## [Given entries]
|---|

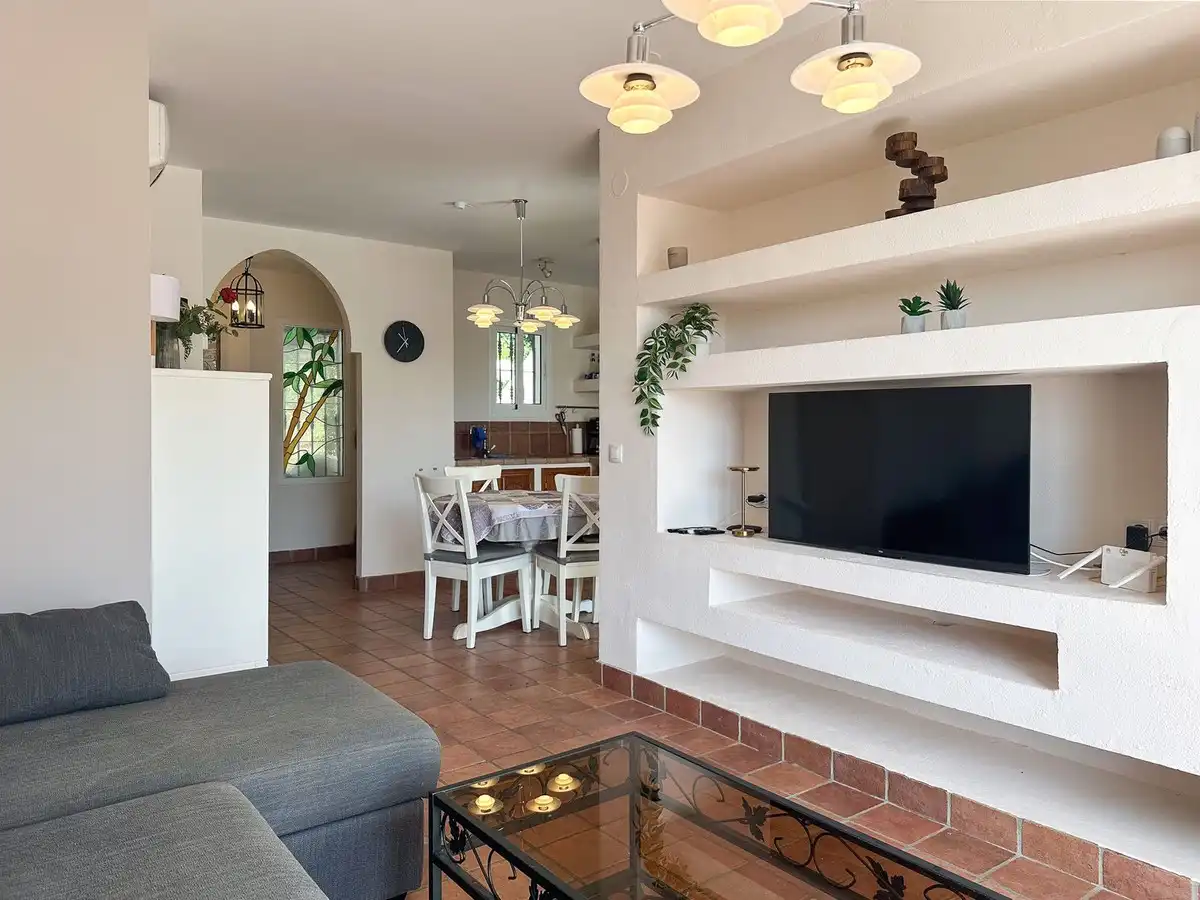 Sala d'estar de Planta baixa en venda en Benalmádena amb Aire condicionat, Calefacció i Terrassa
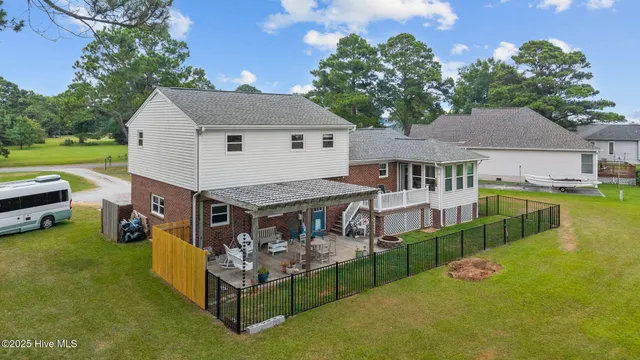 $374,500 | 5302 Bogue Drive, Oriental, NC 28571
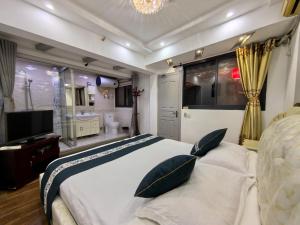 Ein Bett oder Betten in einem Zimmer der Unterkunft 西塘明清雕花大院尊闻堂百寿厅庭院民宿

|---|

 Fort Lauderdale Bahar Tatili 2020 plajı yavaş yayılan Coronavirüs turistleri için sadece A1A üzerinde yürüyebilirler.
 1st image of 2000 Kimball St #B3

|---|

## [Exercise goal]
Although the records hold pictures, the copy must not; give again exactly the lines from the one with "Sala d'estar de" through the one with "Ein Bett oder".

## [Answer box]
 Sala d'estar de Planta baixa en venda en Benalmádena amb Aire condicionat, Calefacció i Terrassa
 $374,500 | 5302 Bogue Drive, Oriental, NC 28571
 Ein Bett oder Betten in einem Zimmer der Unterkunft 西塘明清雕花大院尊闻堂百寿厅庭院民宿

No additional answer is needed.